Metadata-Version: 2.4
Name: upc-datasets
Version: 0.5.0
Summary: Student-facing structured dataset toolkit for the UPC big data course.
Requires-Python: >=3.11
Description-Content-Type: text/markdown
License-File: LICENSE
Requires-Dist: polars>=1.0.0
Requires-Dist: pyarrow>=14.0.0
Provides-Extra: dev
Requires-Dist: pytest>=8.0.0; extra == "dev"
Dynamic: license-file

# UPC Datasets

This workspace contains a small Python toolkit for generating structured teaching datasets for the `PachaMix` course narrative.

The implementation is designed around:

- structured tables
- metadata
- audio-feature tables
- lyrics-derived features
- playlist interactions
- parquet outputs

It intentionally avoids:

- raw mp3 processing
- waveform pipelines
- dependence on live Spotify audio-feature endpoints

## Data Sources

- `FMA` for metadata and audio features
- `musiXmatch/MSD` for lyrics-derived features
- `Playlist2vec` table exports for playlist interactions and graph construction
- optional `Spotify MPD` support when access is already available

Official source references:

- `FMA`: https://github.com/mdeff/fma
- `musiXmatch/MSD`: https://millionsongdataset.com/musixmatch/
- `Playlist2vec`: https://zenodo.org/records/5002584
- `Spotify MPD`: https://research.atspotify.com/2020/9/the-million-playlist-dataset-remastered

The codebase is intentionally focused on `structured data`, not raw media.
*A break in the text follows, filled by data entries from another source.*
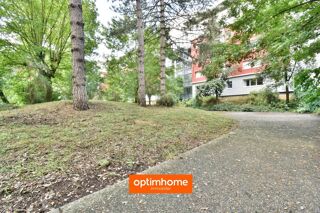  Appartement � vendre 3 pi�ces 64 m�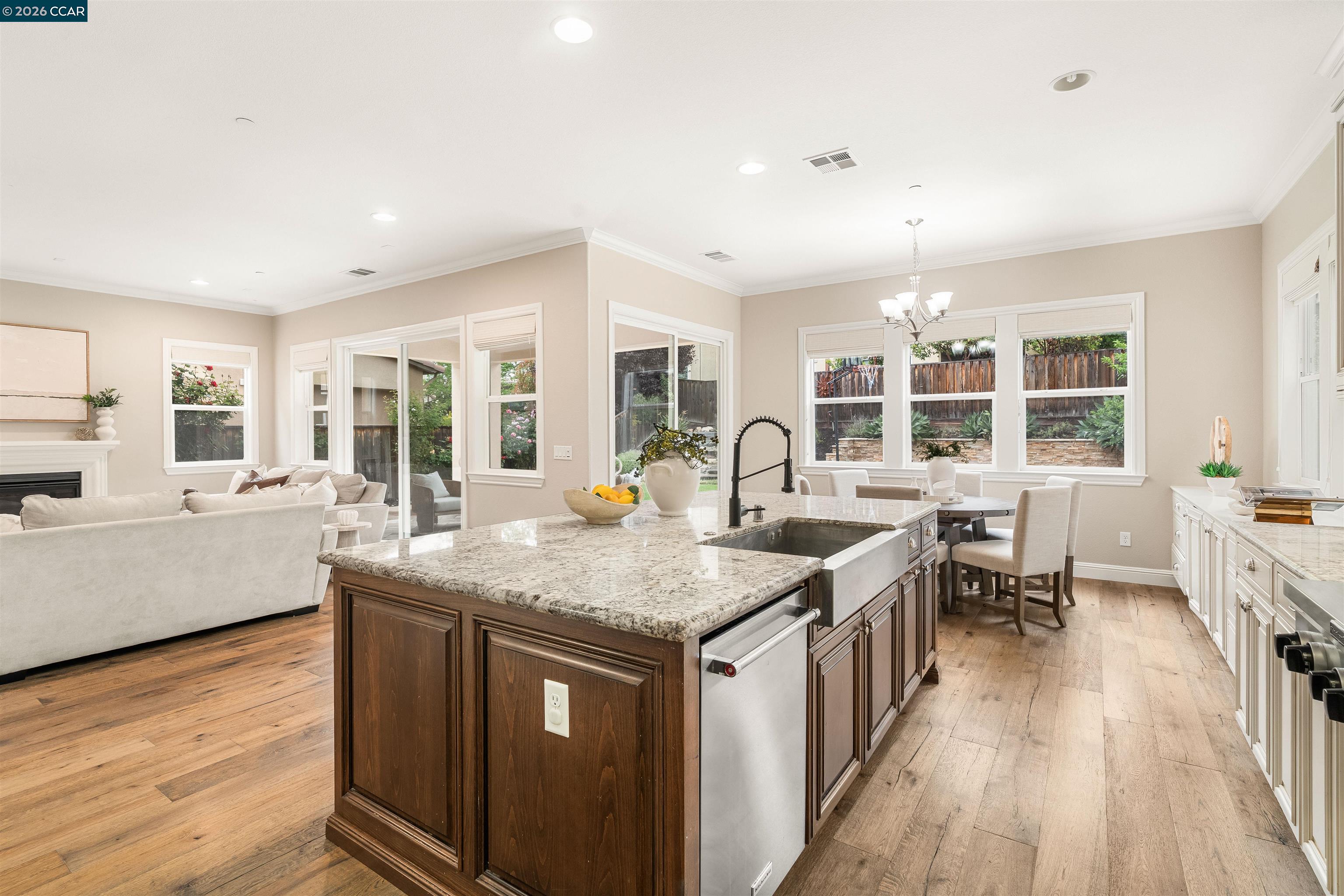 504 Hyacinthus Lane San Ramon, CA 94582 - Photo 10 of 30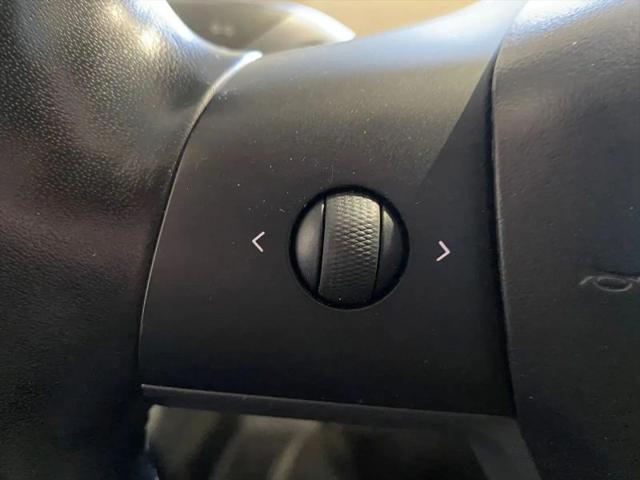 2018 Tesla Model 3 Performance
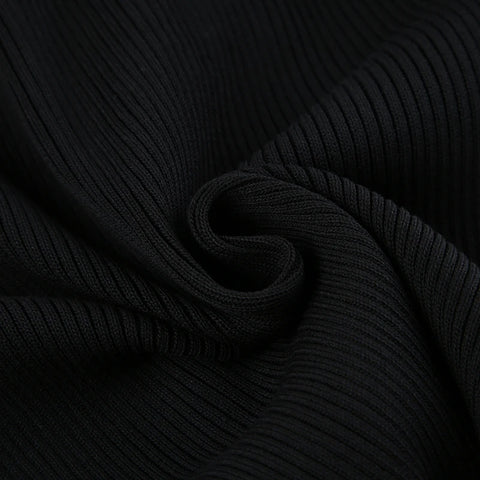 casual-black-all-match-pullover-sweater-11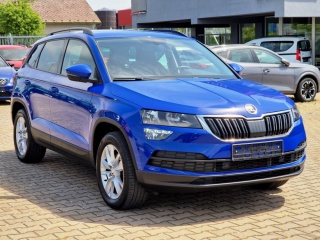 https://www.evidenceautobazaru.cz/data/2025/05/14/imgs/38498_dqor5.jpg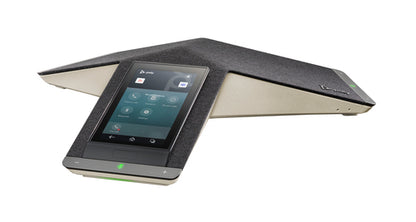 HP Trio C60 IP Conference Phone Full Radio and PoE-enabled, image 5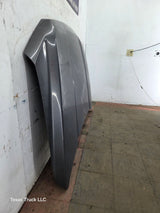 2015-2020 Ford F150 Hood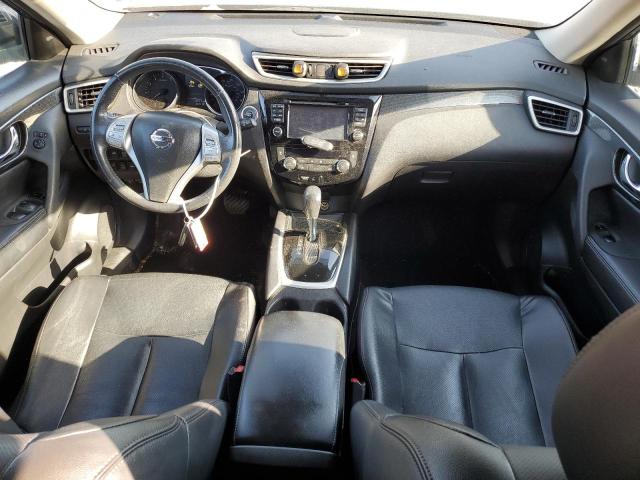 Photo 7 VIN: 5N1AT2MVXGC768585 - NISSAN ROGUE S 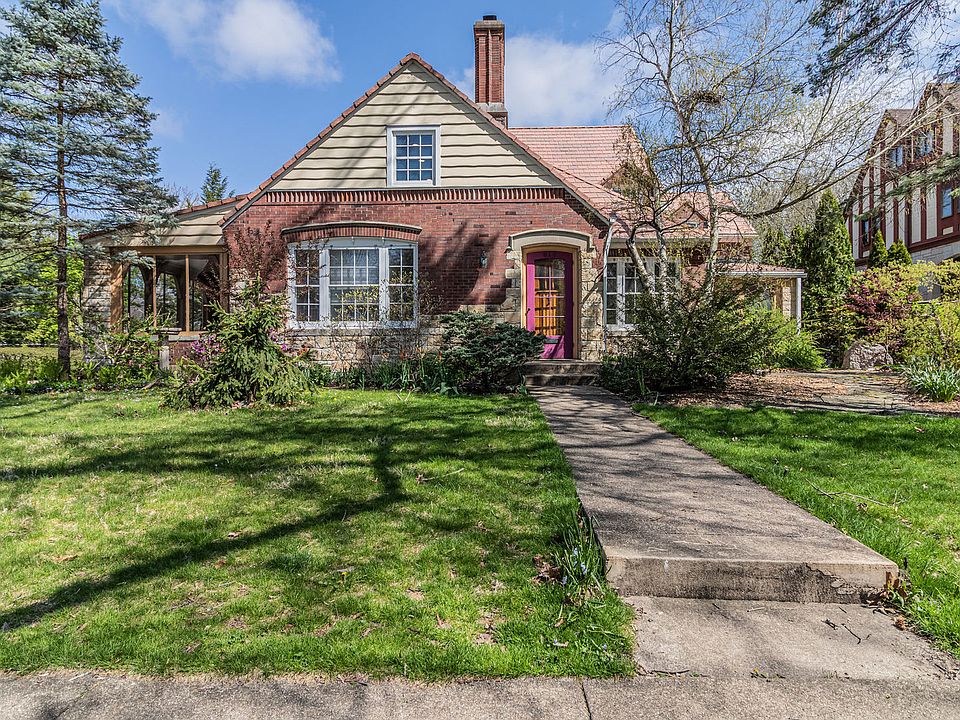 610 W Ohio St, Urbana, IL 61801 Zillow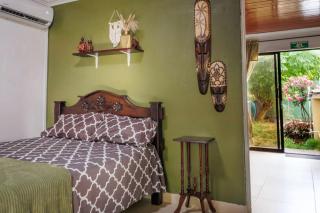 Apartamentos turisticos - Boho Sai - San Andrés - 9
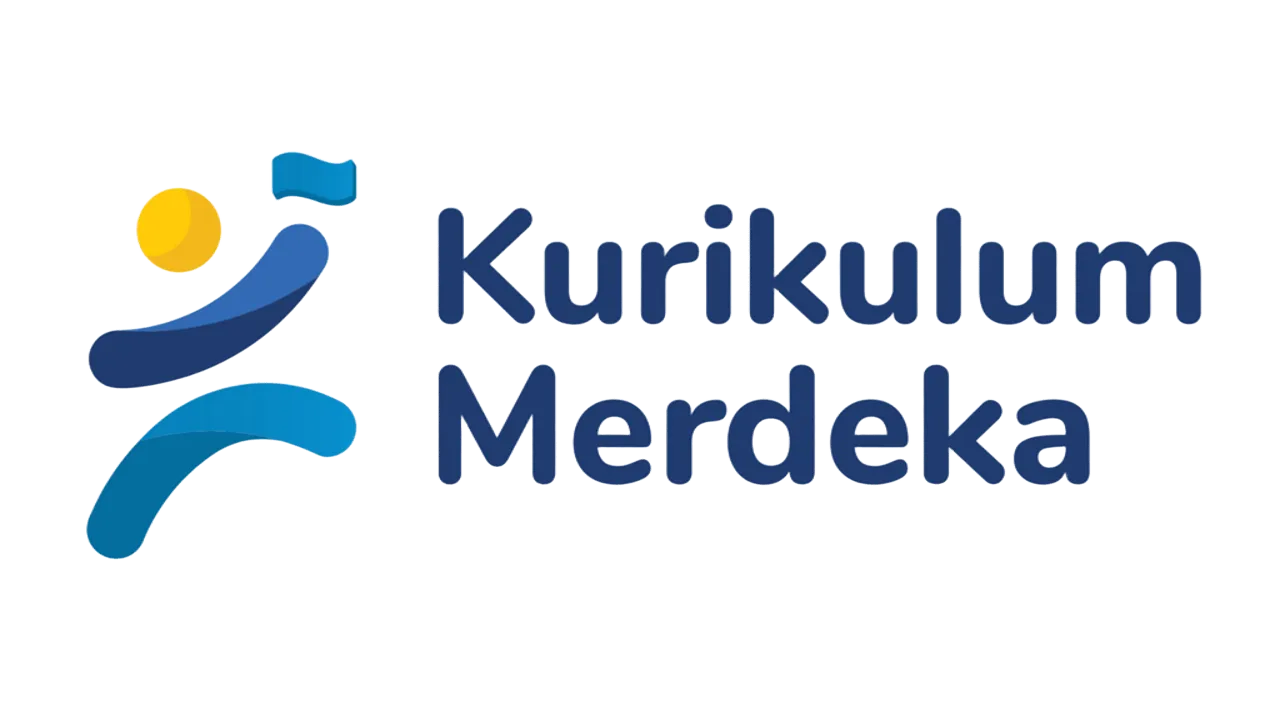 Kurikulum Merdeka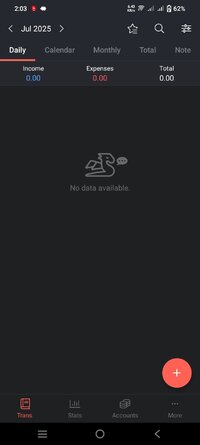 Screenshot_20250715_140321.jpg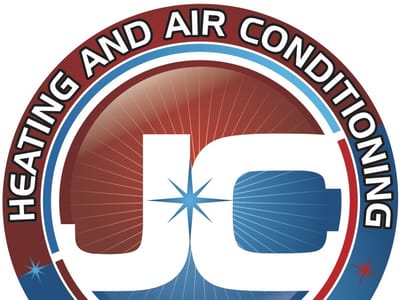 JC Heating and Air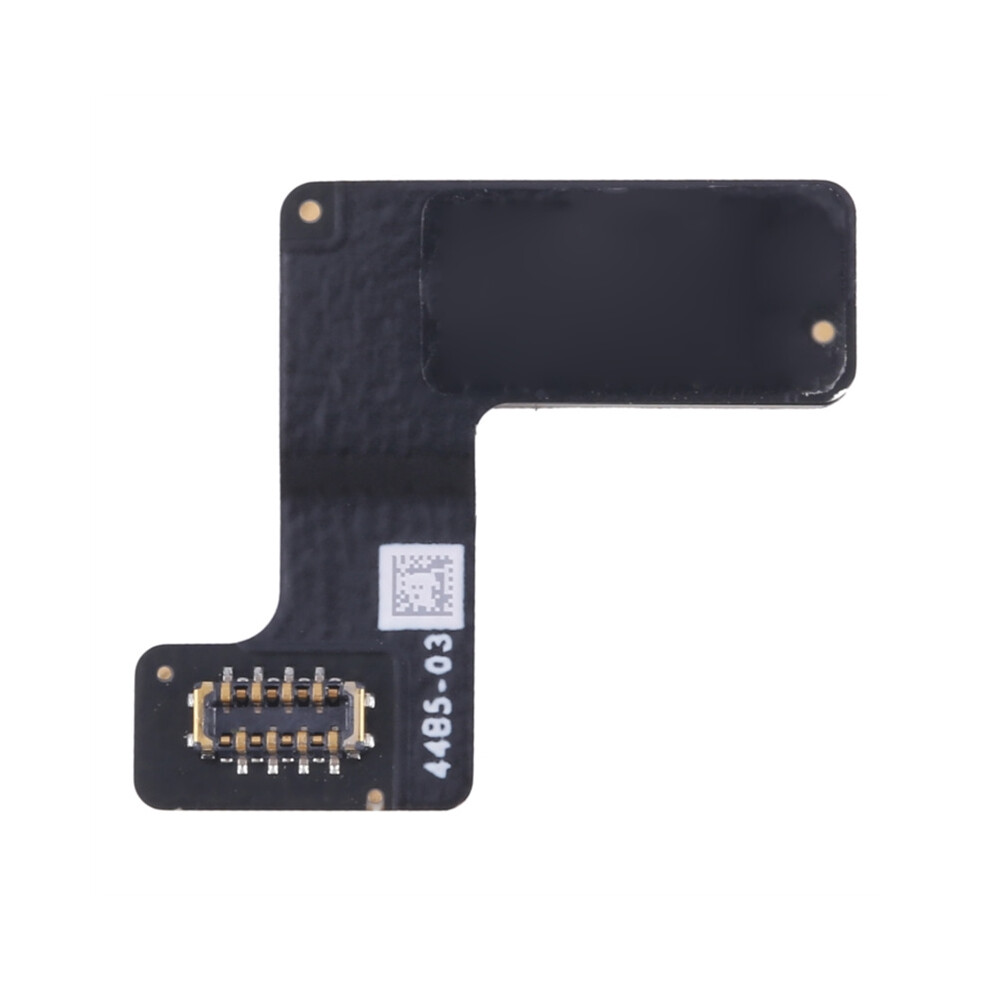 For Iphone 15 Plus Oem Gps Signal Antenna Flex Cable Repair Part 6914271082075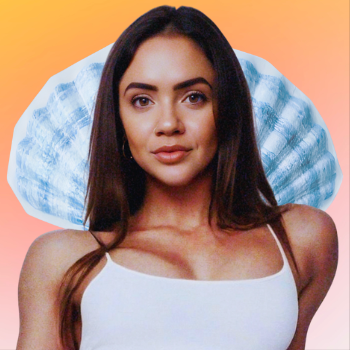 peachhbum Profile Photo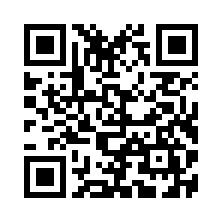 QR Code for 14cVVDMKgsFhFhey7CdjPYXtV27jVqzvZQ
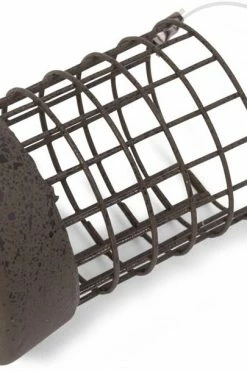 Preston Innovations Distance Cage Feeders - Distance feeders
That means:

- no mp3 decoding
- no spectrogram generation
- no waveform feature extraction inside the course toolkit

Instead, the builders assume the inputs are already in the form of:

- csv metadata tables
- csv feature tables
- lyric token-count text exports
- playlist membership tables or json playlist metadata

Detailed source notes are documented in [big_data_dataset_generation_plan.md](./big_data_dataset_generation_plan.md).

The processed schema reference is documented in [data_dictionary.md](./data_dictionary.md).

The student-oriented quickstart is documented in [STUDENT_GUIDE.md](./STUDENT_GUIDE.md).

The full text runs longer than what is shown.